### Source records:

"""

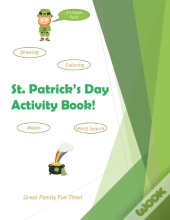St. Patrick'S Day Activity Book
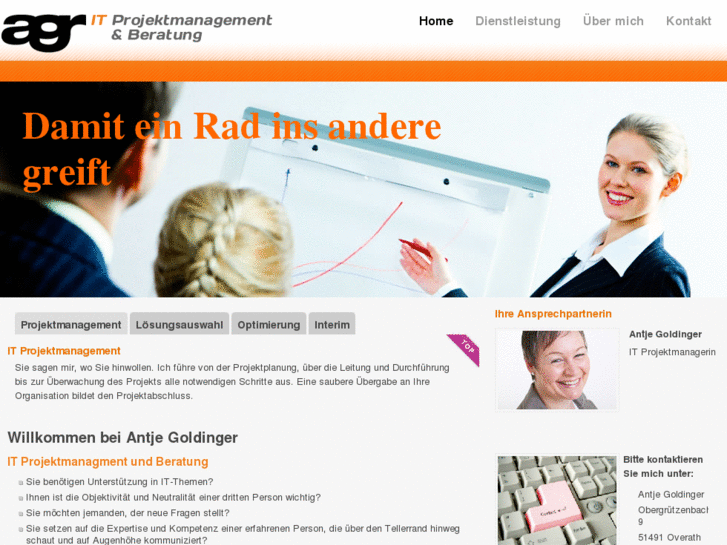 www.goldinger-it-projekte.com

"""
"""

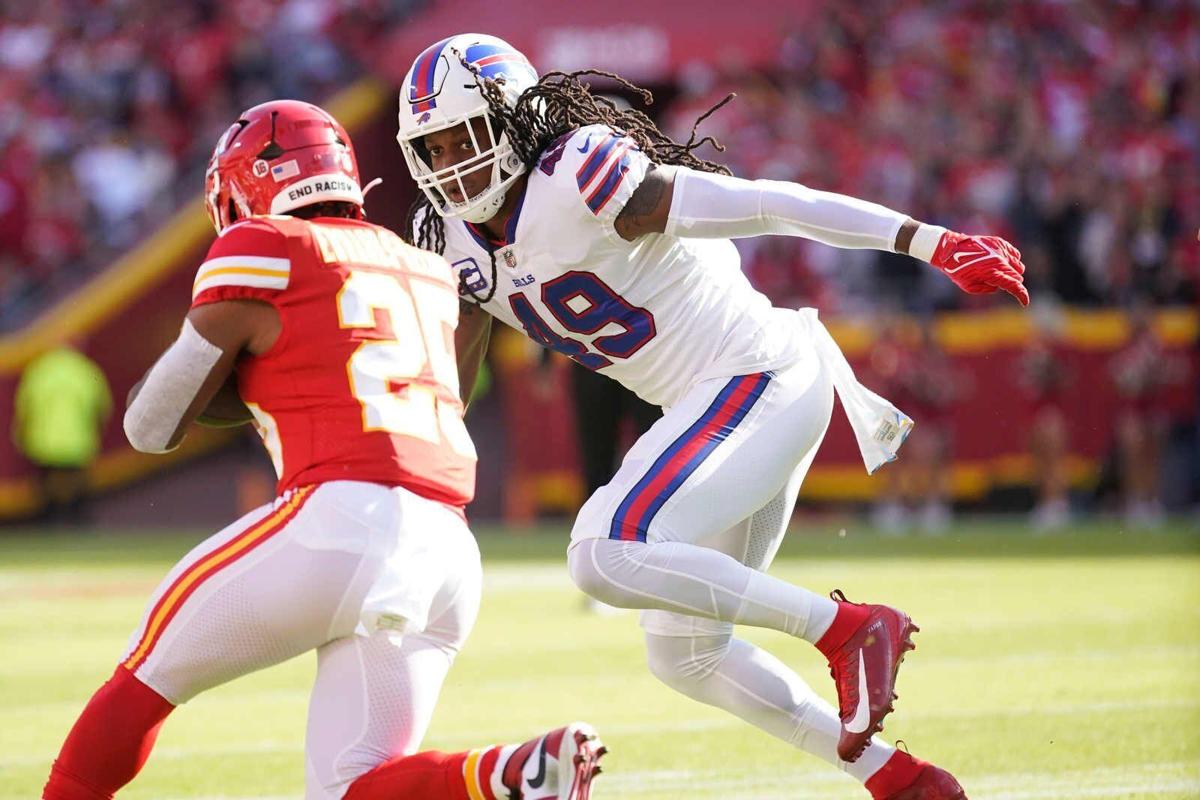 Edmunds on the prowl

"""

### To do:
Give the lines above again exactly, from the one containing "St. Patrick'S Day Activity Book" to the one containing "www.goldinger-it-projekte.com", both included, but leave out the pictures.

### Task solution:
St. Patrick'S Day Activity Book
 www.goldinger-it-projekte.com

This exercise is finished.